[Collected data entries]
%%
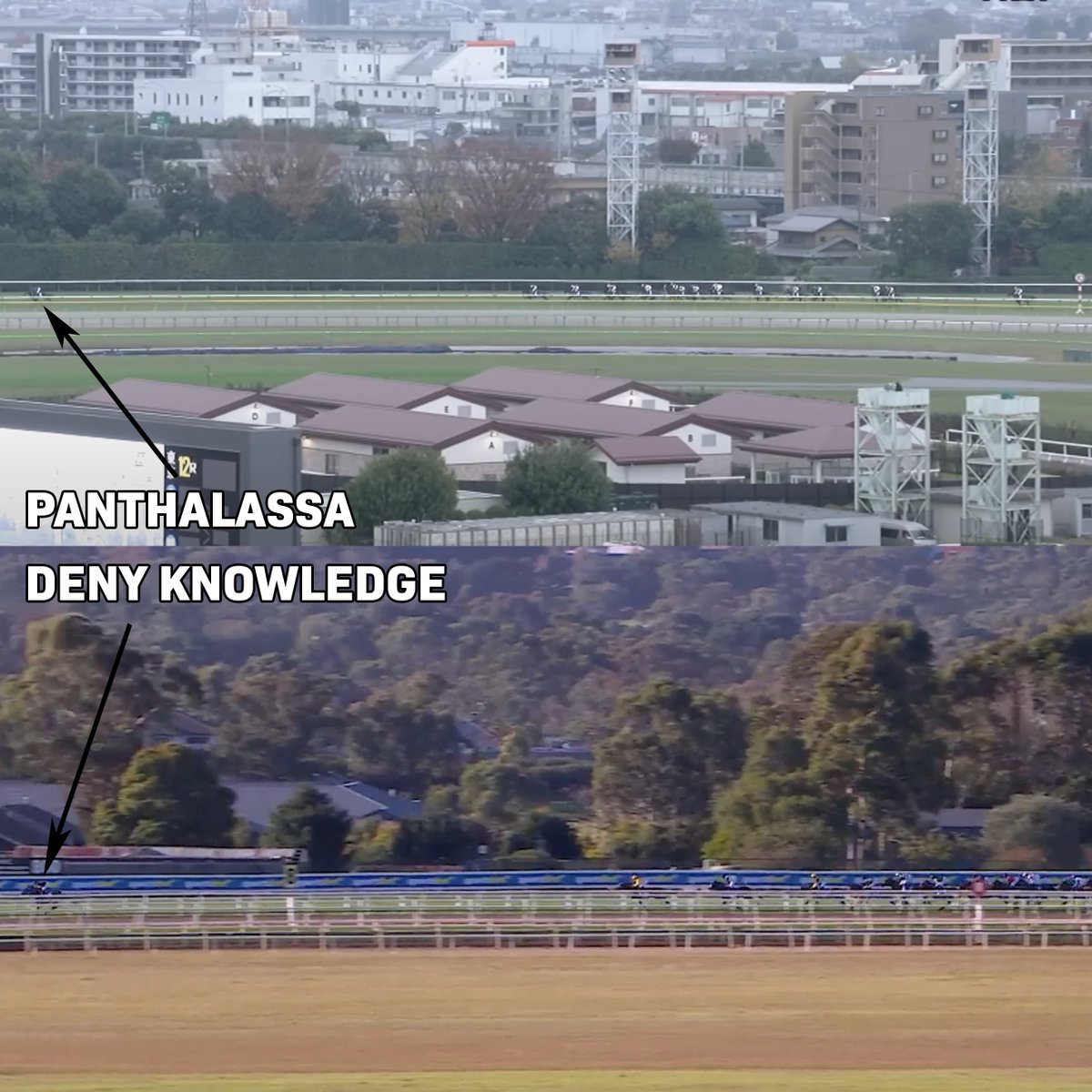 Andrew Hawkins (@andrewnjhawkins) on Twitter photo Deny Knowledge bought from <a href="/mmsnippets/">Magic Millions</a> to visit Panthalassa. Hope they try runaway tactics on the resulting foal...
#γγ³γ΅γ©γγ΅ #竢馬 Deny Knowledge bought from <a href="/mmsnippets/">Magic Millions</a> to visit Panthalassa. Hope they try runaway tactics on the resulting foal...
#γγ³γ΅γ©γγ΅ #竢馬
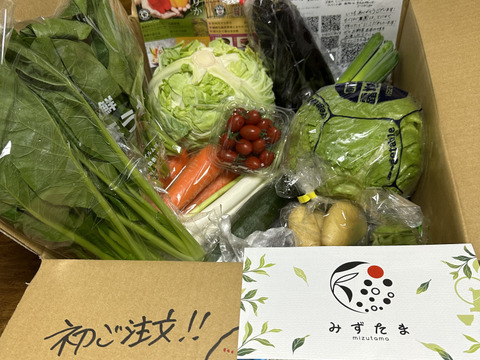 畑から採りたて発送！©静岡厳選野菜セット（12品)（本州の方限定）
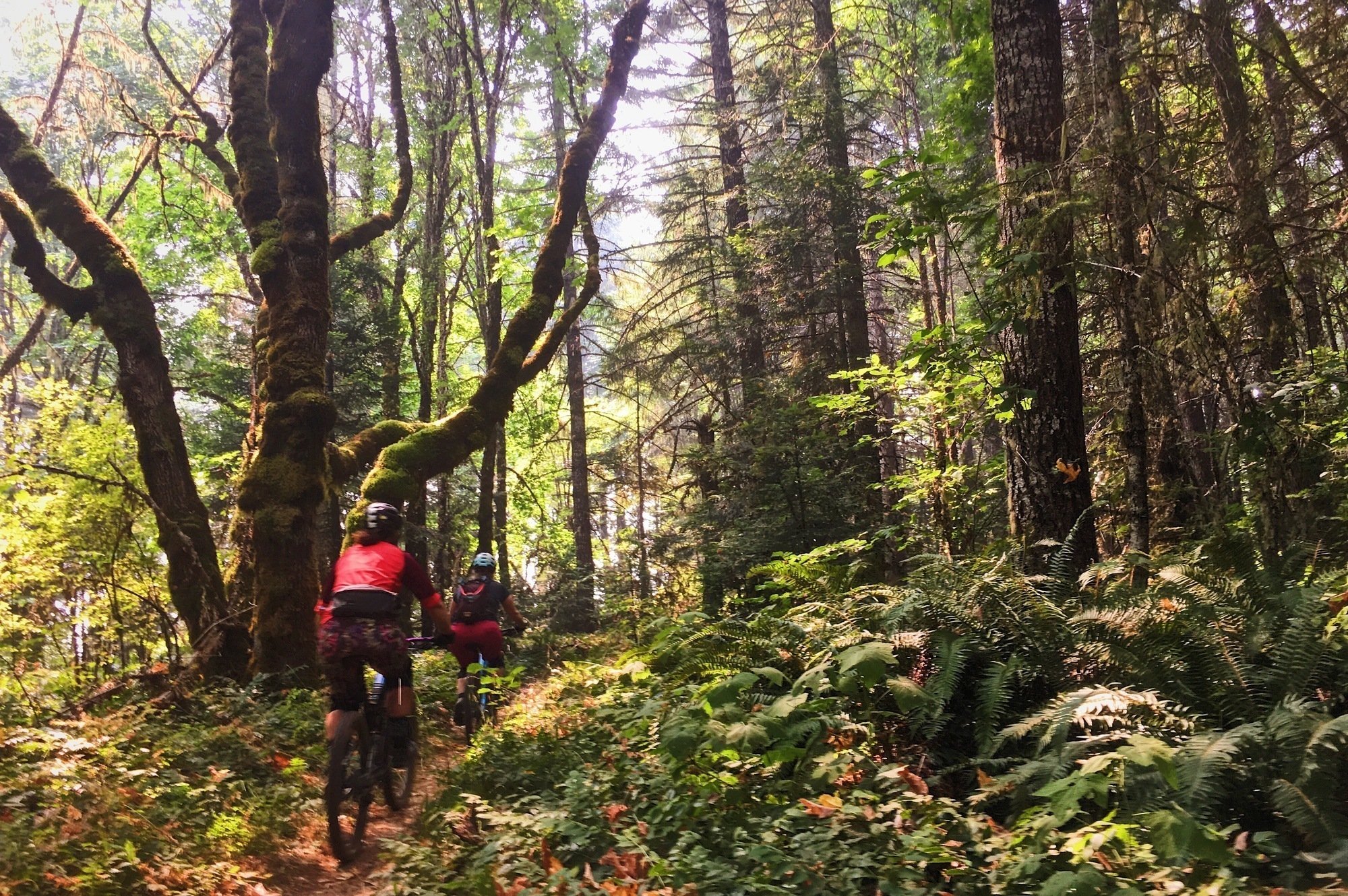 Alpine Trail3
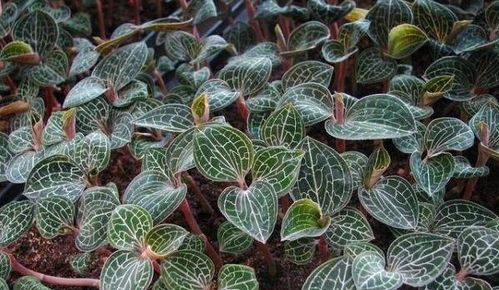 种植金线莲需注意哪些事项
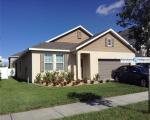 Pre-foreclosure Listing in TANGLE BRANCH LN GIBSONTON, FL 33534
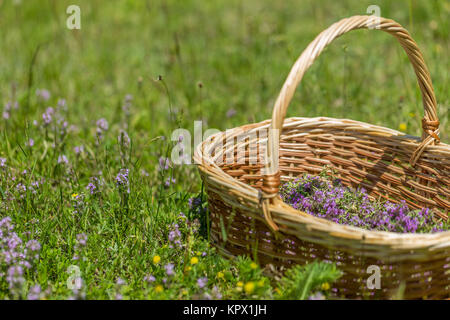 Herbes Origan Banque D'Images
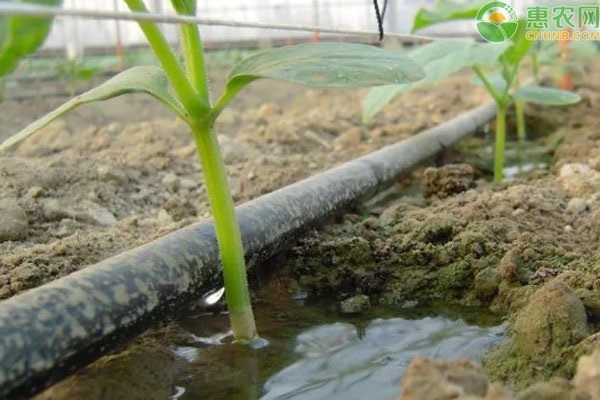 下雨天施肥的正确方法-图片版权归惠农网所有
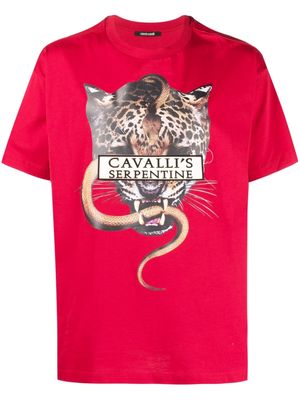 Roberto Cavalli graphic-print short-sleeve T-shirt - Red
%%
● **Problem to solve**: Without the pictures, copy the entries from their first line through the line containing "下雨天施肥的正确方法-图片版权归惠农网所有", and only those lines.

● **Solution to the problem**:
 Andrew Hawkins (@andrewnjhawkins) on Twitter photo Deny Knowledge bought from <a href="/mmsnippets/">Magic Millions</a> to visit Panthalassa. Hope they try runaway tactics on the resulting foal...
#γγ³γ΅γ©γγ΅ #竢馬 Deny Knowledge bought from <a href="/mmsnippets/">Magic Millions</a> to visit Panthalassa. Hope they try runaway tactics on the resulting foal...
#γγ³γ΅γ©γγ΅ #竢馬
 畑から採りたて発送！©静岡厳選野菜セット（12品)（本州の方限定）
 Alpine Trail3
 种植金线莲需注意哪些事项
 Pre-foreclosure Listing in TANGLE BRANCH LN GIBSONTON, FL 33534
 Herbes Origan Banque D'Images
 下雨天施肥的正确方法-图片版权归惠农网所有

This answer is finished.